Yargıtay Kararı 10. Hukuk Dairesi 2021/8292 E. 2022/1493 K. 08.02.2022 T.

YARGITAY KARARI
DAİRE : 10. Hukuk Dairesi
ESAS NO : 2021/8292
KARAR NO : 2022/1493
KARAR TARİHİ : 08.02.2022

Mahkemesi : … Bölge Adliye Mahkemesi 11. Hukuk Dairesi
İlk Derece
Mahkemesi : … 1. İş Mahkemesi

Dava, boşandığının eşiyle fiilen birlikte yaşadığından bahisle yersiz ödenen ölüm aylığının yasal faiziyle tahsili istemine ilişkindir.
İlk Derece Mahkemesince, hükümde belirtilen gerekçelerle davanın kabulüne dair verilen karara karşı davalı vekili tarafından istinaf yoluna başvurulması üzerine, … Bölge Adliye Mahkemesi 11. Hukuk Dairesince istinaf başvurusunun esastan reddine karar verilmiştir.
… Bölge Adliye Mahkemesi 11. Hukuk Dairesince verilen kararın, davalı vekili tarafından temyiz edilmesi üzerine, temyiz isteğinin süresinde olduğu anlaşıldıktan ve Tetkik Hâkimi … tarafından düzenlenen raporla dosyadaki kağıtlar okunduktan sonra işin gereği düşünüldü ve aşağıdaki karar tespit edildi.
Dosyadaki yazılara, hükmün Dairemizce de benimsenmiş bulunan yasal ve hukuksal gerekçeleriyle dayanağı maddî delillere ve özellikle bu delillerin takdirinde bir isabetsizlik görülmemesine göre, yerinde bulunmayan bütün temyiz itirazlarının reddiyle usul ve kanuna uygun olan hükmün ONANMASINA, aşağıda yazılı temyiz harcının davalıdan alınmasına,
dosyanın kararı veren İlk Derece Mahkemesine gönderilmesine, Üye …’ın muhalefetlerine karşı, Başkan … ile Üyeler …, … ve …’ün oyları ve oy çokluğuyla, 08/02/2022 gününde karar verildi.
KARŞI OY GEREKÇESİ
Somut uyuşmazlıkta, davalı kadın 2002 yılında eşinden boşanmıştır.
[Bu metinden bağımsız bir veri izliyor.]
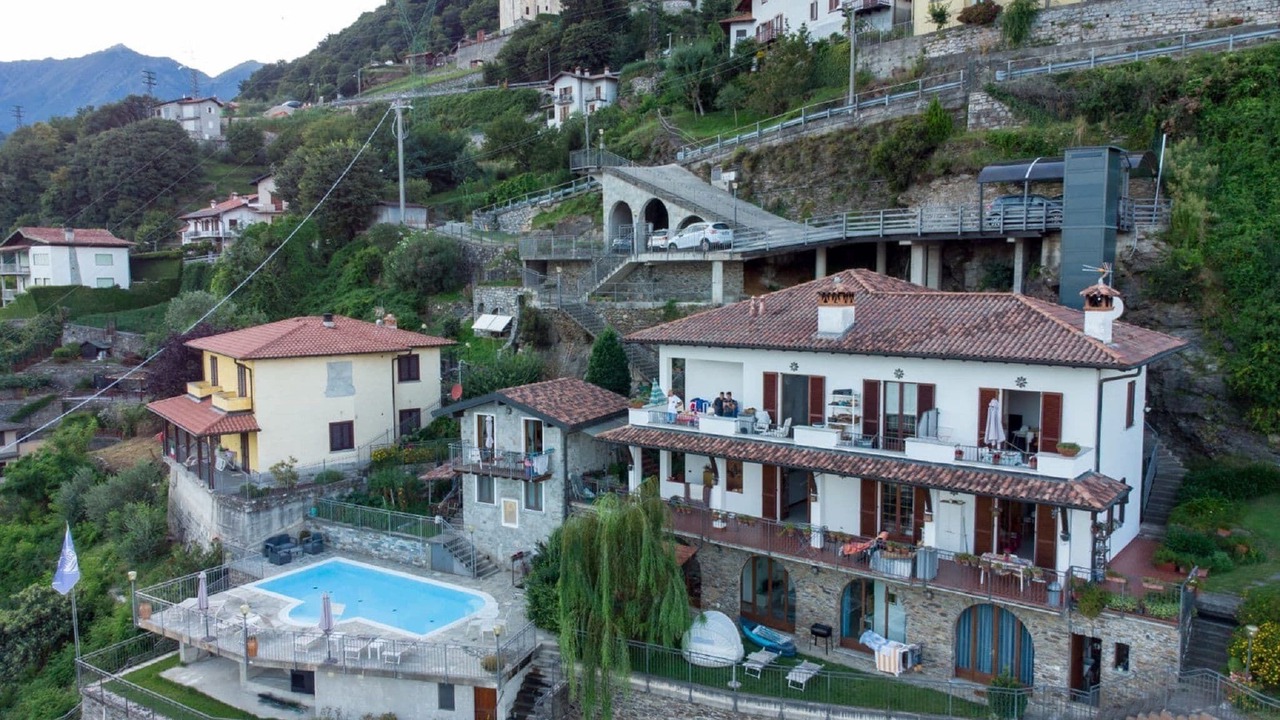 Photo of Outdoor in Gravedona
Davalı kadına boşandıktan kısa bir süre sonra 1992 yılında ölen babasından yetim aylığı bağlanmış ve eski eşi ile fiili birlikteliğinin kurum tarafından denetim raporu ile anlaşılması üzerine 2008-2013 yıllar için 5510 sayılı Kanunun 56. maddesi uyarınca boşandığı eşi ile birlikte yaşadığı gerekçesi ile ödenen aylıklar için borç çıkarılmış, iadesi için kurum tarafından dava açılmıştır.
Dairemizin 07.10.2021 tarih ve 2021/7072 Esas, 2021/11762 Karar sayılı ilamında yazılan karşı oy gerekçelerimde belirttiğim gibi davacı boşandığında 506 sayılı Kanun yürürlüktedir. 5510 sayılı Kanunun 5754 sayılı Kanunun 68. Maddesi ile değişik geçici 1. maddesi uyarınca kesilmede mevzuat hükümleri kanun uygulanmalıdır. Anılan mevzuat hükümlerinde ise boşanılan eş ile birlikte yaşama olgusu bir kesilme nedeni olarak düzenlenmemiştir. 5510 sayılı Kanunun 01.10.2008 tarihinden önce gerçekleşen boşanma olgusuna uygulanması olanağı, önceye etki yasağı nedeni ile olanaklı değildir.
Çoğunluğun önceye etki yasağı ilkesine aykırı olarak, lafzi yorum ve sigortalı aleyhine yorumu benimseyerek, sonradan gerçekleşip gerçekleşmediği araştırılarak salt birlikte yaşama ve boşanan eşin desteğini alma koşulunu yeterli kabul etmesi ve bu yönde yerel mahkeme kararını onaması Kanunun ve Anayasa Mahkemesinin iptal kararının gerekçelerine aykırıdır.
Açıklanan bu gerekçelerle mahkeme kararının kesin olarak bu gerekçelerle bozulması gerekirken, onanması görüşüne katılınmamıştır.